L’expérience valait quand même de prendre le risque. Et il a
fallu que l’artiste suive l’écrivain comme son ombre, durant
ses réunions hebdomadaires. Car Mahfouz avait l’habitude de se
réunir avec ses amis et disciples dans 6 lieux différents tout
au long de la semaine, ne prenant congé que le samedi. Ceci
dit, les portraits d’Al-Guindi sont une bonne occasion de
suivre de près le quotidien de Mahfouz au bord du Nil, dans
Farah Boat et Falafilo. Aux hôtels Shepheard, Sofitel, Novotel
et dans la maison du psychiatre Yéhia Al-Rakhawi, au Moqattam.

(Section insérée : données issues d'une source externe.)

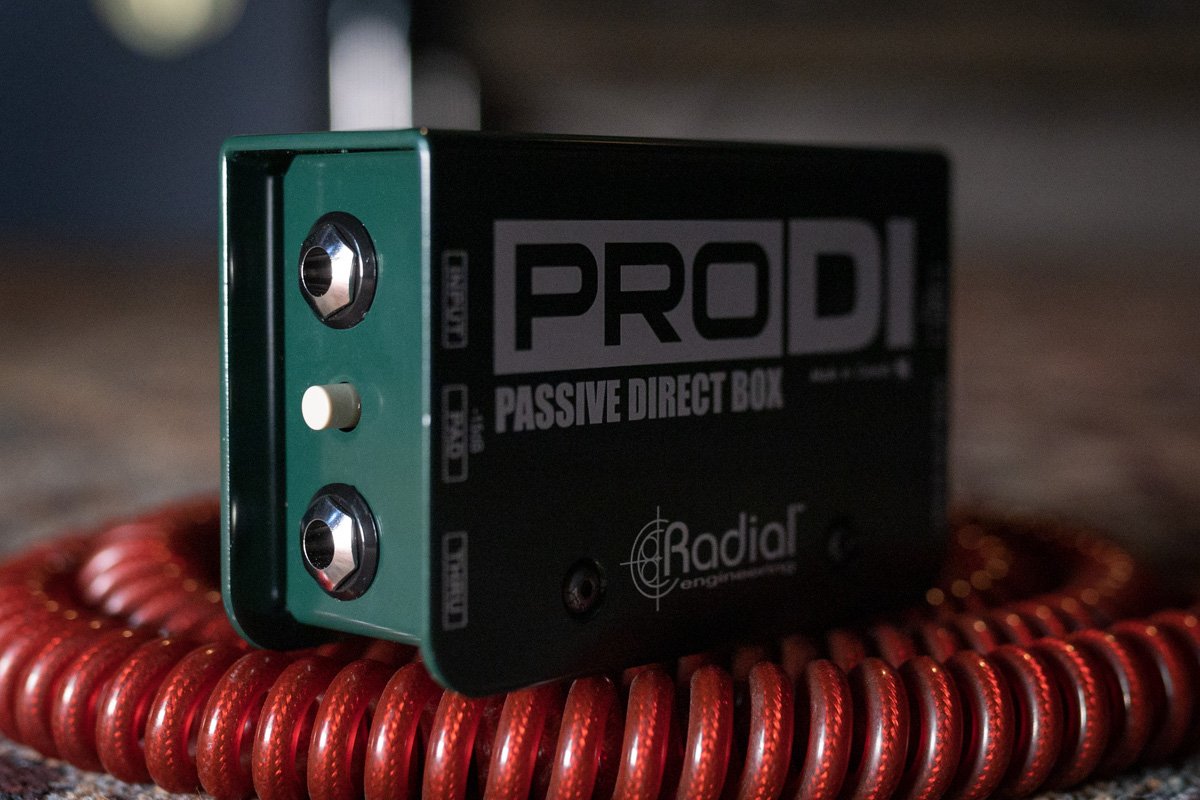 Radial Engineering ProDI Passive Direct Box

« Un jour, j’ai eu vraiment honte, lorsqu’une personne de son
entourage m’a lancé : Ne pensez-vous pas que cela suffise ? Au
début, j’allais pleurer et puis j’ai décidé de laisser chacun
penser ce qu’il veut. Peindre Mahfouz était devenu une
obsession pour moi », raconte l’artiste.
En manteau blanc et entourée d’intellectuels, Névine Al-Guindi
a réussi à s’adapter aux diverses ambiances et occasions.
Finalement, elle a accouché de ces 21 portraits à l’huile, à
l’issue de 21 séances. « J’ai appris à être très véloce, car
il fallait achever un portrait par séance. Naguib Mahfouz
était quelqu’un qui changeait constamment à mes yeux. Je ne
pouvais pas commencer aujourd’hui et terminer la peinture une
semaine plus tard. C’était un personnage difficile à cerner.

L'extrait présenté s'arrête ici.